Asked if Ms McDonald distancing Sinn Féin from its violent past would make them a potential coalition partner, he said the party is “not fit for office.”

“No, is the short answer in that our differences are really wide on policy. The reason why I couldn’t see Sinn Féin and Fine Gael going into office is because of Sinn Féin’s plan for the future; not just Sinn Féin’s past. We also have to remember about the recent past,” he said.

“Ireland has an economy that is recovering and has expanded again, there are more than two million people at work, incomes are rising, unemployment is falling and Sinn Féin in the past have opposed every single one of the policies that was necessary to get the country back on track,” he said.

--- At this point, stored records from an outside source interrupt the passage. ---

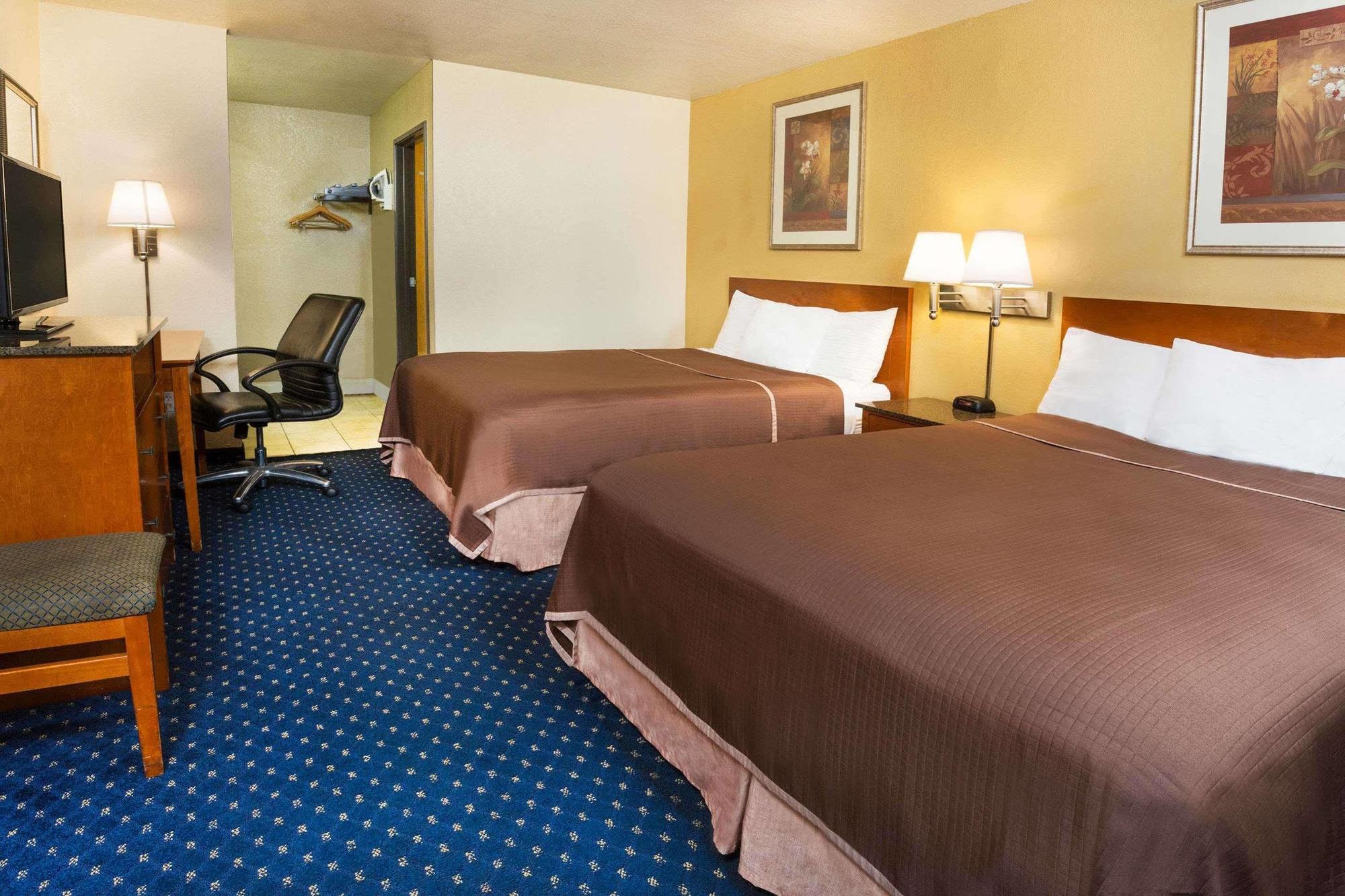 Howard Johnson By Wyndham National City/San Diego South Dış mekan fotoğraf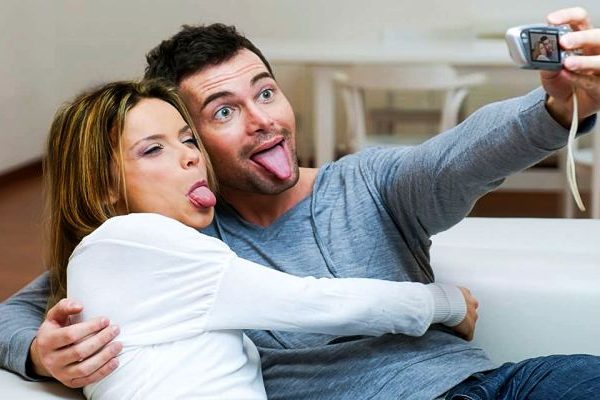 couple making selfie
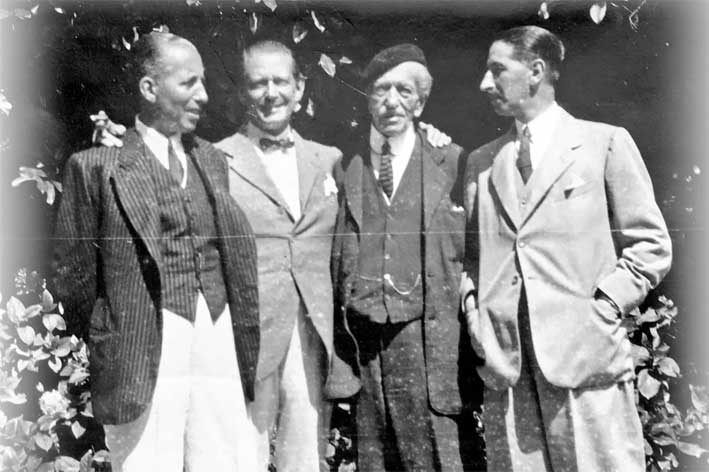 I tre fratelli Cartier con il padre nel 1922. Da sinistra, Pierre, Louis, Alfred e Jacques Cartier. Credit: Archivi della famiglia Cartier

“Having said that it would be welcome if the new president of Sinn Féin was to bring about a clean break with the past and the ongoing celebration of violence with commemorations and so on,” he said,

Mr Varadkar said he wished to continue the confidence and supply agreement with Fianna Fáil.

“I haven’t spoken to Micheál Martin about the extension of the confidence and supply agreement so he will be the first person that I will speak to about it when that point comes,” he said.

“The view I have expressed the view this arrangement would last for three years and three budgets. I always said we would honour it and we have. I wouldn’t like it to just suddenly end on the night of the Budget in October. There are lots of important events ahead - Brexit is happening in March 2019, we have European and local elections a few months after and lots of issues ahead of us.”

Mr Varadkar said he would not call for a general election despite a recent Irish Times Ipsos/MRBIpoll which saw his approval rating rise to 60 per cent.

“Enda Kenny gave me lots of advice when I came into office and he said he would be very wary of opinion polls. Whatever happens, never take out the revolver or the champagne at the result of an opinion poll, so I’m very conscious that opinion polls go up and down and it wouldn’t be my instinct or policy to seek a general election for opportunistic reasons just because of the way the polls are going,” he said.

“I’m not planning a general election in 2018 but it something that is not entirely under my control.”